The rustic cabin has a living room/sleeping area, a small bedroom and a kitchen. The living/sleeping area is equipped with a propane fireplace for heat, a couch, chair and end tables. A Murphy bed is located in the living/sleeping area for additional sleeping space and can be put away during the day.
In the dining area is a full futon bed and table with four chairs. In a small room just off the dining area is a log bunk bed that can sleep two comfortably. The cabin can accommodate up to six people. The kitchen is equipped with a propane cook stove and propane refrigerator, ample counter space, pots, pans, plates, bowls, cups and flatware. The entire cabin is lit with propane lights.
An accessible vault toilet is located near the guard station. A picnic table and campfire ring are situated next to the perennial creek that runs through the facility grounds. Any water taken from an outdoor source should be boiled or treated prior to consumption. Stream water gets scarce during mid-August. Firewood can be collected from the surrounding area.
Guests should bring their own water for drinking, cooking and cleaning purposes, as well as bedding (linens, blankets, pillows and/or sleeping bags), flashlights or a lantern for emergencies, a first aid kit, towels, garbage bags and dish soap. Guests will need to clean the facility and carry out all trash prior to leaving.
Deer Creek Guard Station is in a remote forest location with no mobile phone coverage.
The three-room cabin was built in 1956 and was originally used as a work station by fireguards.
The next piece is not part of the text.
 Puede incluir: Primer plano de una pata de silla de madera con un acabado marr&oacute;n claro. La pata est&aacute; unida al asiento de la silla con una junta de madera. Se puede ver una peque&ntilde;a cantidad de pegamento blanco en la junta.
Before satellite surveillance systems, fireguards were the smoke chasers who rushed to sites of reported smoke and tried to extinguish the flames. Douglas fir and ponderosa pine trees dot the broad, flat expanse surrounding the cabin, which sits at an elevation of 5,100 feet. Deer Creek runs through the area nearby. In the spring and summer, guests enjoy abundant wildflowers and wildlife in the area, including wild horses, elk, black bears, deer and wild turkeys and other species of birds.
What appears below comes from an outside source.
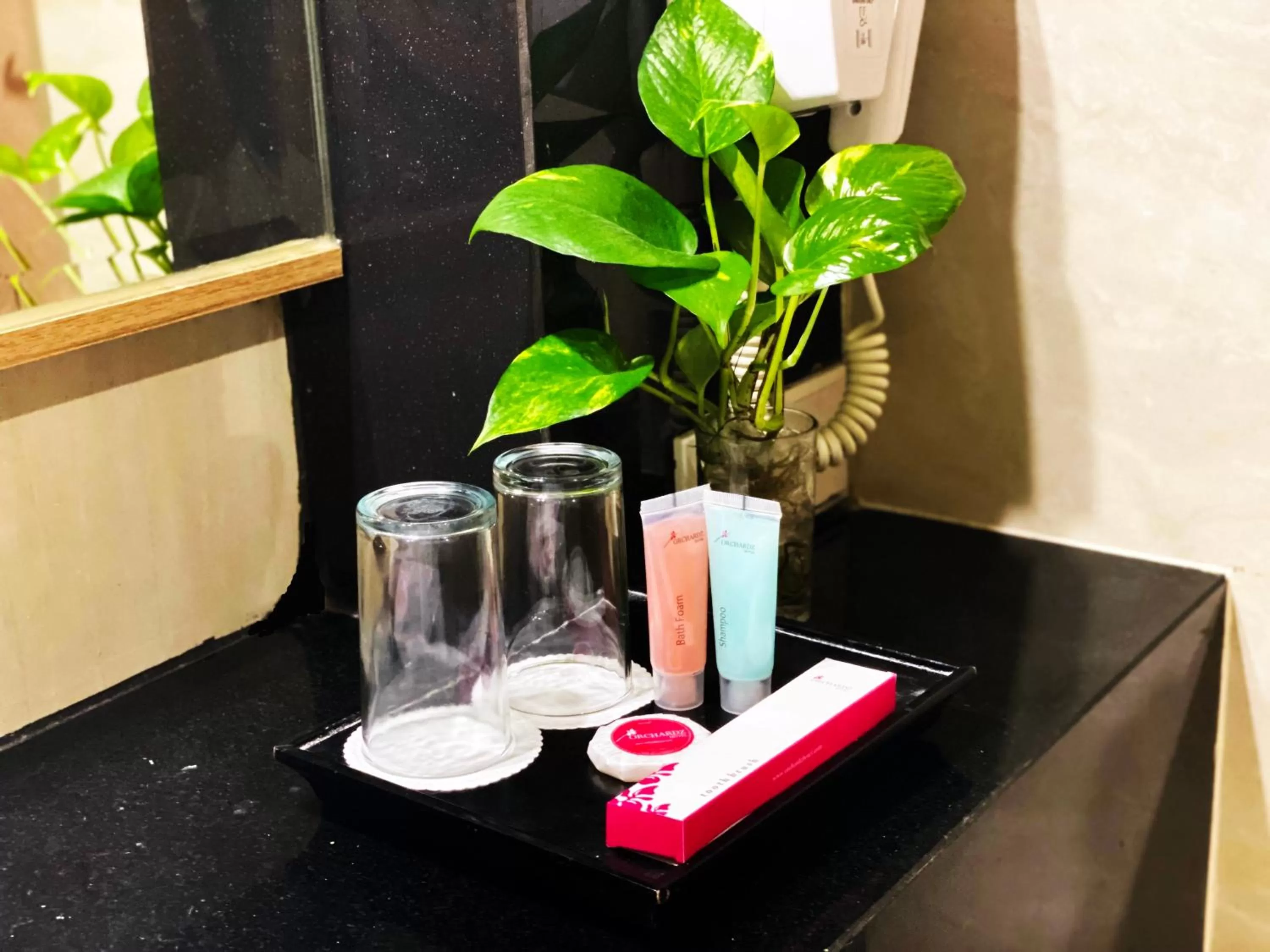 Toilet in Orchardz Hotel Industri Jakarta Kemayoran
Big game hunting is popular in the area, as well as fishing on Deer Creek and South Fork John Day. Anglers might watch for coho, winter steelhead, spring chinook, fall chinook and cutthroat trout, among others in the area. Guests can also enjoy hiking and horseback riding on a variety of trails in the area.
327 SW FRONT ST./PO BOX 337 Prairie City OR 97869
For campground inquiries, please call: 541-820-3800
From John Day, OR., travel south on Highway 395 approximately 17 miles to County Road 63 (Izee Highway). Turn right and take County Road 63 to the junction of Forest Service Road 24. Turn right and take Forest Road 24 approximately 10 miles. Turn left onto Forest Service Road 514. Travel about 1/4 mile staying to your right until you reach the locked gate that allows entry to the facility grounds.